| Activity |
Locate the line that contains "Cod cooked on Schwank infrared Grill" in the data that follows. Copy it and every subsequent line to the end, exactly, excluding pictures.

| Exercise data |

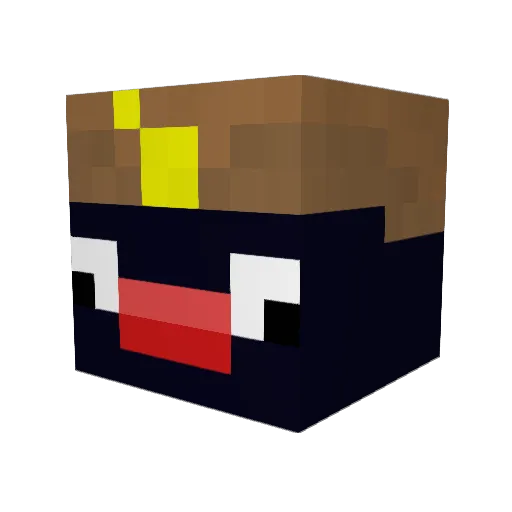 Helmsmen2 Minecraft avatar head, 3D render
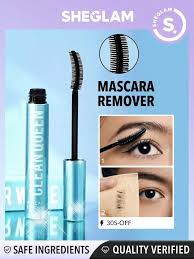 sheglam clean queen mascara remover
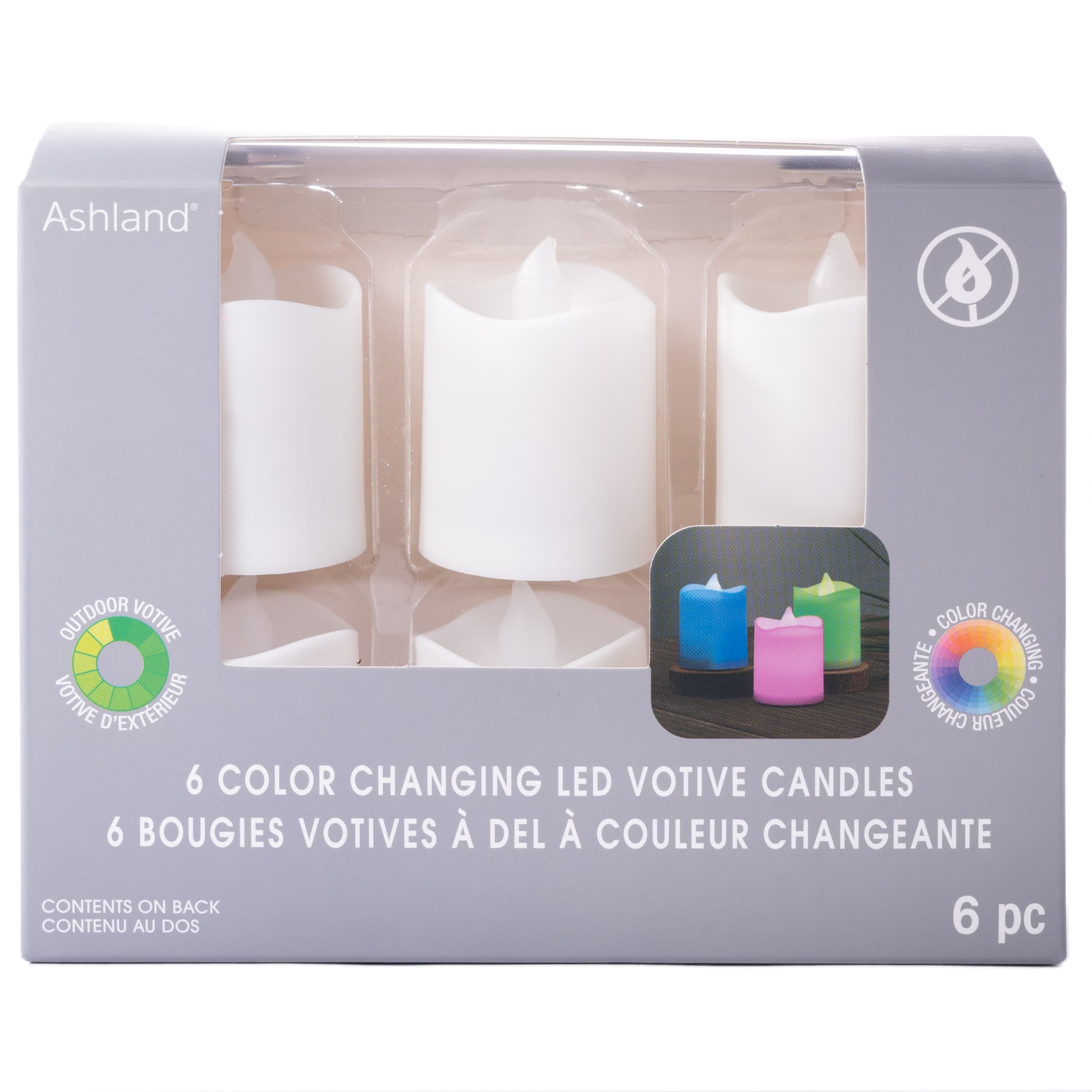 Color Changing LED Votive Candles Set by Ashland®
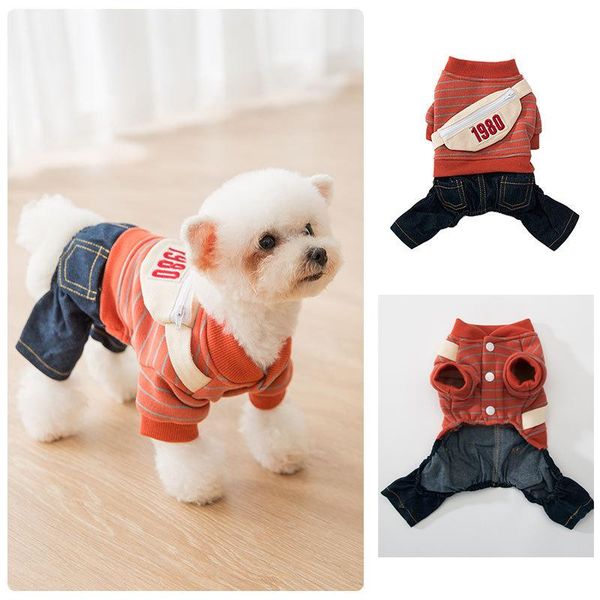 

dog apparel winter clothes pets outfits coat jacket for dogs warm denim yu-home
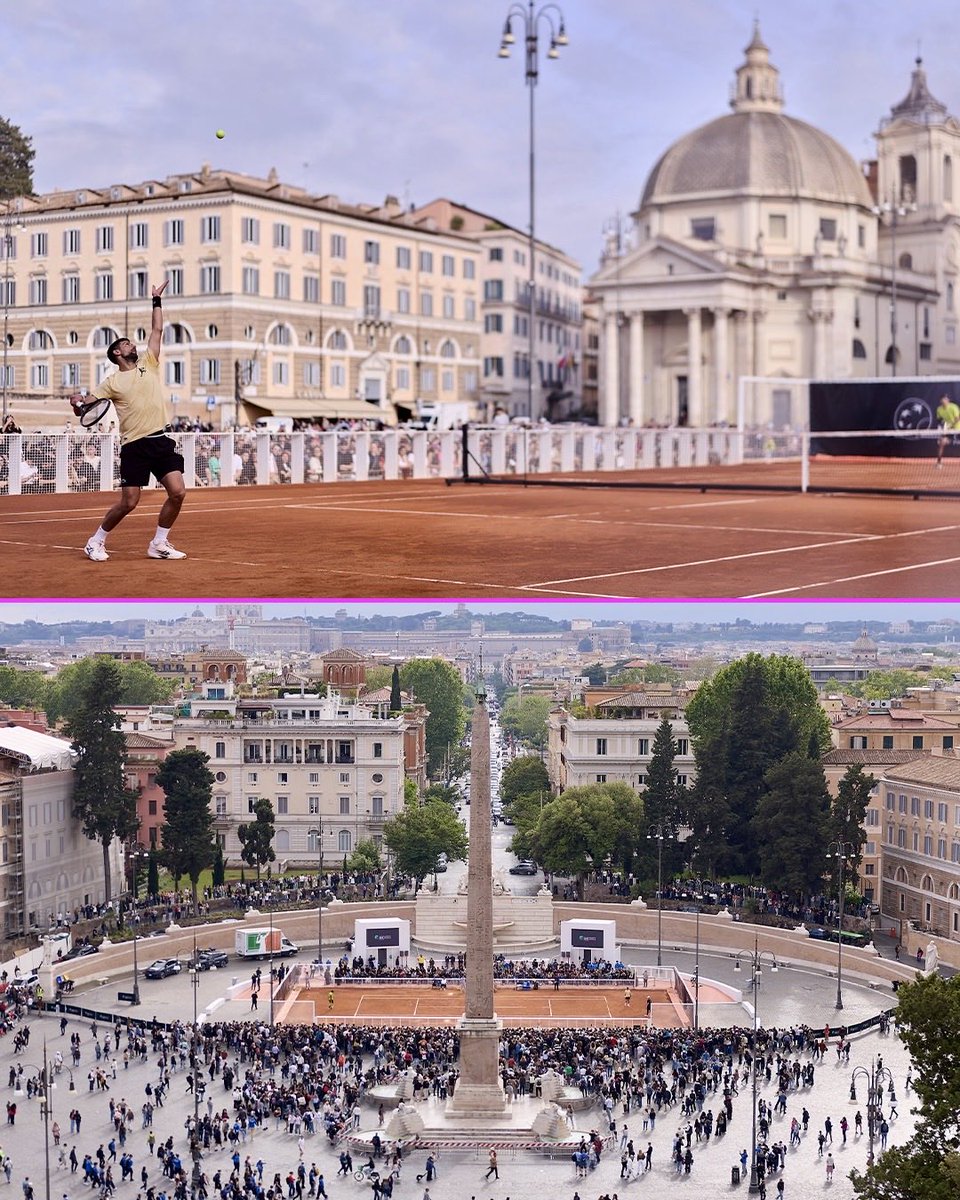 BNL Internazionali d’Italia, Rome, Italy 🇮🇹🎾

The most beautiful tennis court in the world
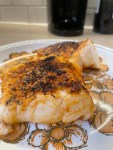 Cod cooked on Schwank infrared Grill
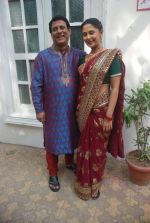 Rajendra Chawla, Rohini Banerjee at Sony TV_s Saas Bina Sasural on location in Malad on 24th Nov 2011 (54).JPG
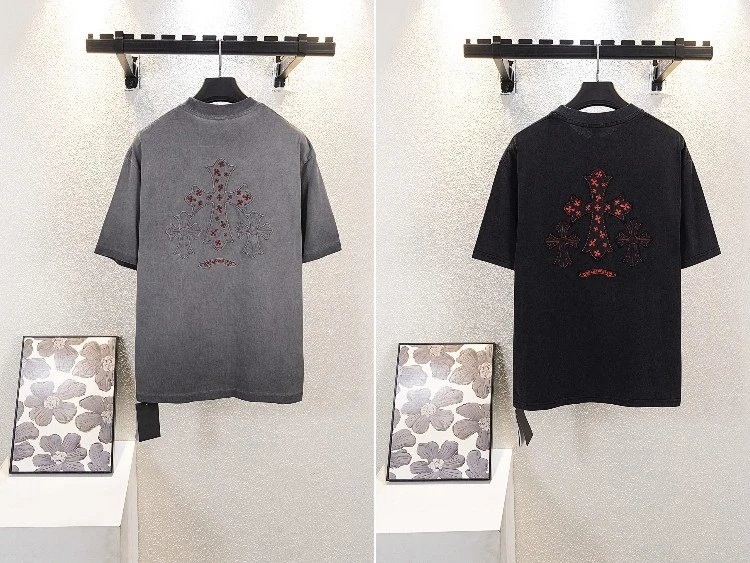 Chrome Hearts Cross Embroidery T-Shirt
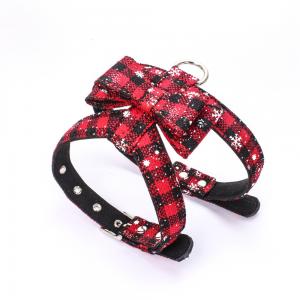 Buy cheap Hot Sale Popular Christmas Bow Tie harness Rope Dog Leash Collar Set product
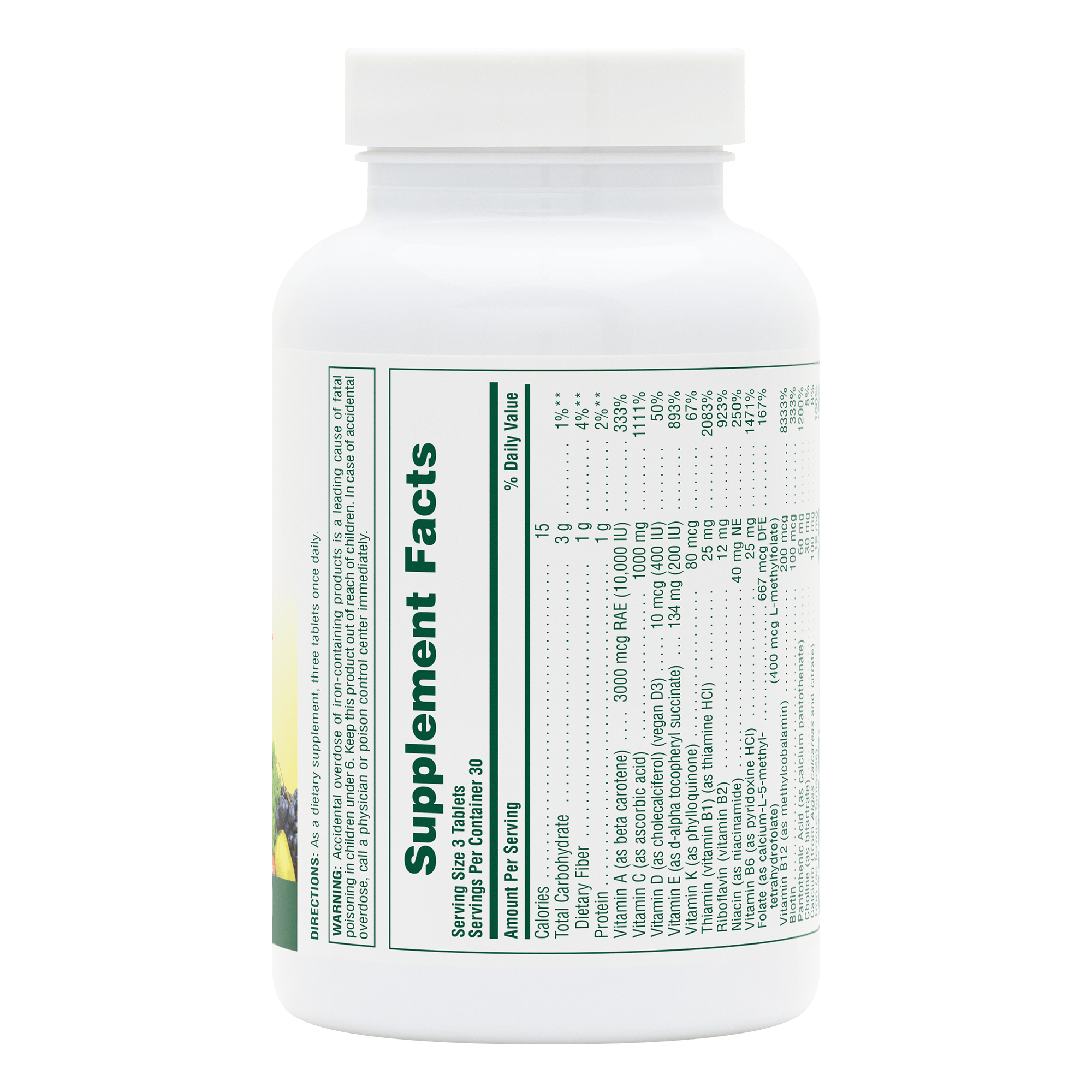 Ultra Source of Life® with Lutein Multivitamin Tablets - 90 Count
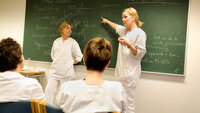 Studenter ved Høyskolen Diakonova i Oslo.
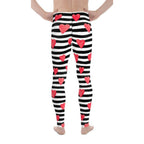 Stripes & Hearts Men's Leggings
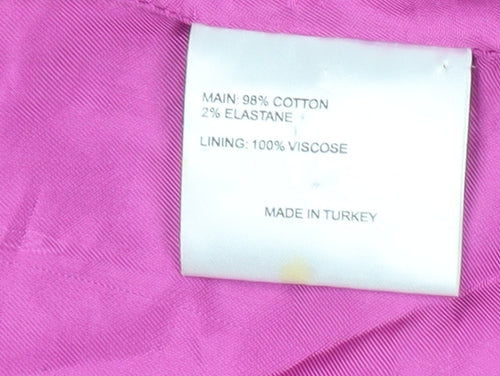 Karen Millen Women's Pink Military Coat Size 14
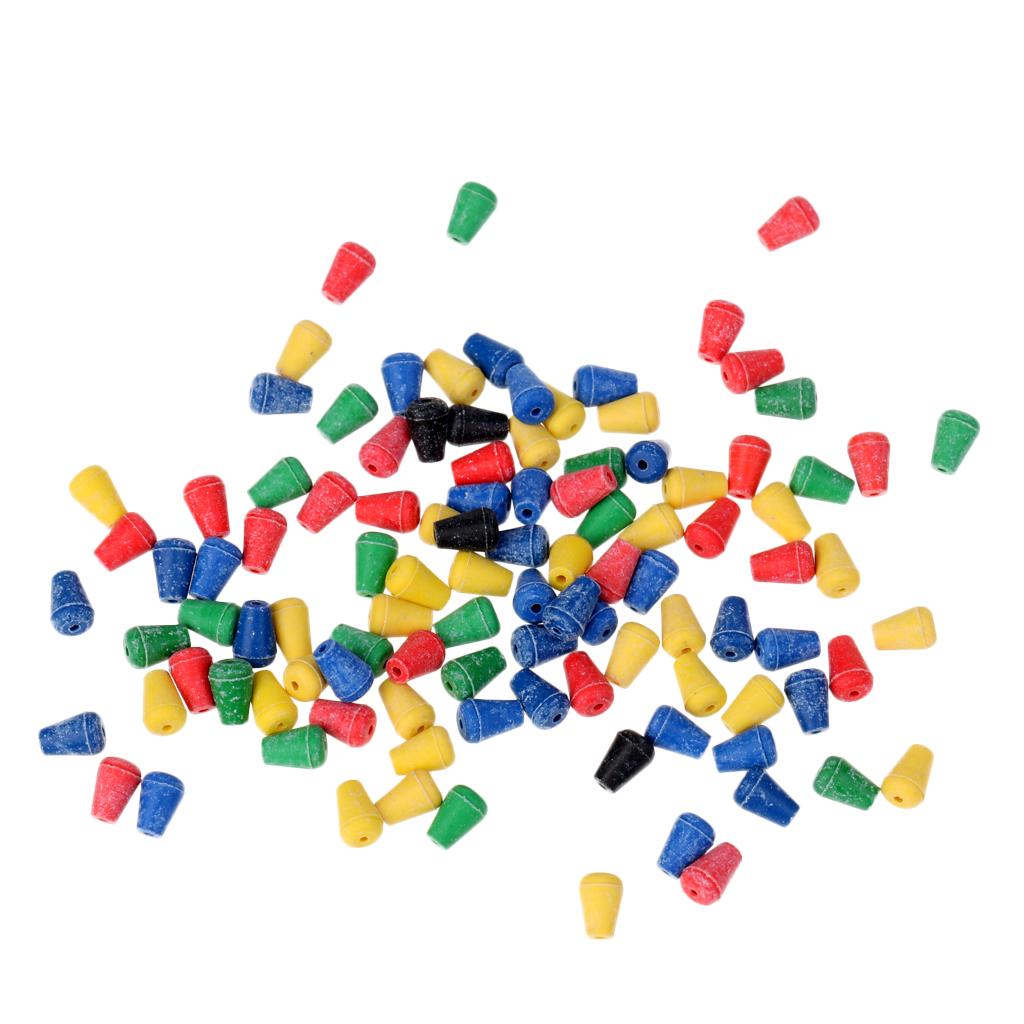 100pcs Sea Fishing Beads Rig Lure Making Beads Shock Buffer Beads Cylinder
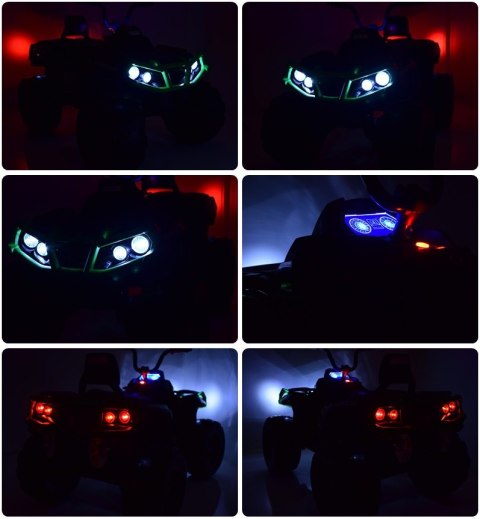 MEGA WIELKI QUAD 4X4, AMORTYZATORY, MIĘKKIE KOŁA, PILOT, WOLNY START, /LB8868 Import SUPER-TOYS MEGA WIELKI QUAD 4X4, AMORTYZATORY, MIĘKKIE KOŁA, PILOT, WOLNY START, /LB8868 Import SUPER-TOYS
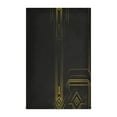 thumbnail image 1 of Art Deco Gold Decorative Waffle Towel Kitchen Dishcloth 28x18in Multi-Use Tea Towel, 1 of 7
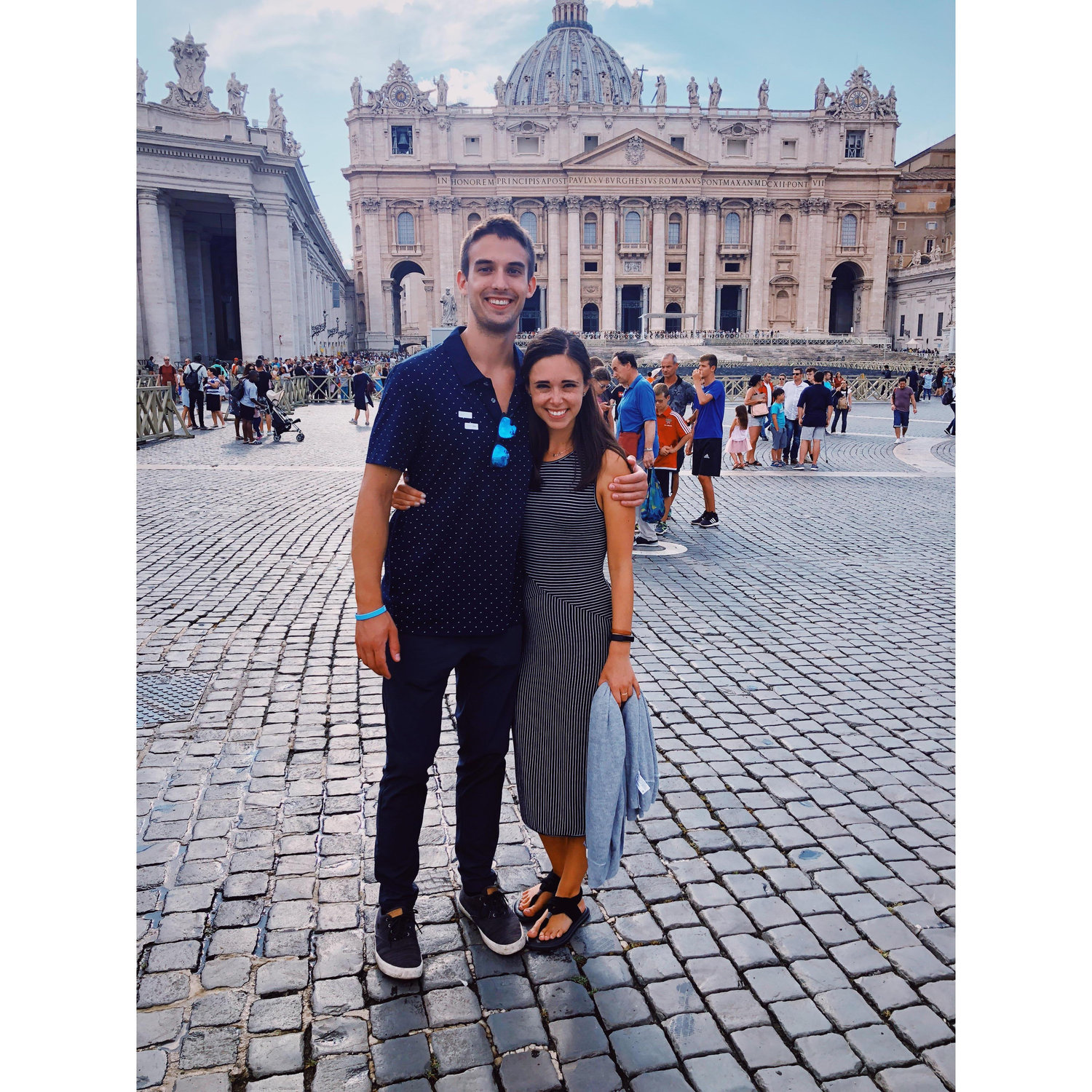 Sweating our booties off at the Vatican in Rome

| Answer box |
 Cod cooked on Schwank infrared Grill
 Rajendra Chawla, Rohini Banerjee at Sony TV_s Saas Bina Sasural on location in Malad on 24th Nov 2011 (54).JPG
 Chrome Hearts Cross Embroidery T-Shirt
 Buy cheap Hot Sale Popular Christmas Bow Tie harness Rope Dog Leash Collar Set product
 Ultra Source of Life® with Lutein Multivitamin Tablets - 90 Count
 Studenter ved Høyskolen Diakonova i Oslo.
 Stripes & Hearts Men's Leggings
 Karen Millen Women's Pink Military Coat Size 14
 100pcs Sea Fishing Beads Rig Lure Making Beads Shock Buffer Beads Cylinder
 MEGA WIELKI QUAD 4X4, AMORTYZATORY, MIĘKKIE KOŁA, PILOT, WOLNY START, /LB8868 Import SUPER-TOYS MEGA WIELKI QUAD 4X4, AMORTYZATORY, MIĘKKIE KOŁA, PILOT, WOLNY START, /LB8868 Import SUPER-TOYS
 thumbnail image 1 of Art Deco Gold Decorative Waffle Towel Kitchen Dishcloth 28x18in Multi-Use Tea Towel, 1 of 7
 Sweating our booties off at the Vatican in Rome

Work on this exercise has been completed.